Sal uses L'Hôpital's rule to find the limit at 1 of x/(x-1)-1/lnx. Created by Sal Khan.

## Want to join the conversation?

• what is the need of limit?
• simply you are finding what happens to the given expression as x--> approaches a certain constant. This is widely applied in engineering, economics, astronomy and everywhere. Your imagination is the limit!
• Why isn't 1/0 -1/0 directly the same as 0/0? I mean aren't they basically fractions with the same denominator, and hence addable? Or, is the fact that dividing by zero gives an undefined quantity preventing one from completing the operation?
• You nailed it here: "Or, is the fact that dividing by zero gives an undefined quantity preventing one from completing the operation?" That is the reason.

Math is a system of logic. The moment you introduce a nonsensical statement, you can prove anything, even that 1+1=0. That is why we must be very careful at each step of our work.
1/0 is nonsensical, so you can't use it as a basis of an argument, such as "since 0 is a common denominator".
• When finding the first derivative of this equation, how did Sal get by without using the quotient rule for the entire equation? Or the product rule(after converting it appropriately) on the entire equation?
• You have to take the derivatives of both the unctions independently.
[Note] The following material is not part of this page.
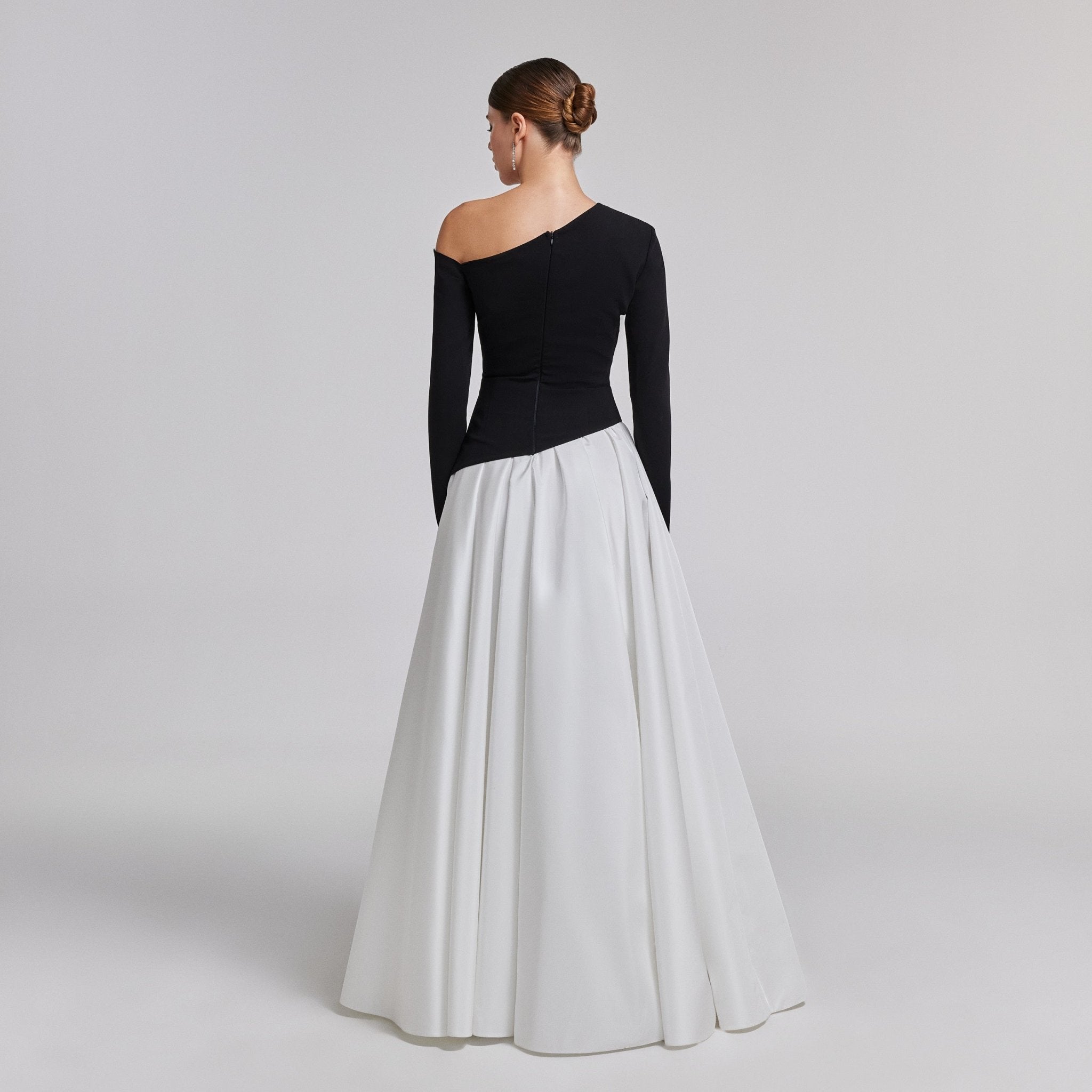 One - Shoulder Black & White Crepe and Taffeta Ball Gown - shopaleena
In the quotient rule f(x)/g(x) would be considered an entire function, changing the actual answer.
• So, wait at he got rid of a 1? How can he just remove a 1 that he was adding?
• It was +1 - 1 so he just canceled them out
• Why can´t we use L´Hôpital´s rule in indeterminate forms such as ∞-∞ ,+∞-∞, ∞+∞, ∞/0...(every other different than 0/0 and ∞/∞)?
• If you can convert the other forms into 0/0 and ∞/∞ forms (as is often done), AND after the conversion, your functions satisfy the other conditions regarding the application of L´Hôpital´s rule. then you can (indirectly) solve them!
• Isn`t it much more easier and fast @ not to use the product rule for 1/x (x-1), but instead to re-form it into just 1/x by opening the brackets and then just to derive this, which results in -x to the second, which is also one and the answer is still the same... or this is wrong by some reason?
• Yep, that's totally valid. It's faster your way.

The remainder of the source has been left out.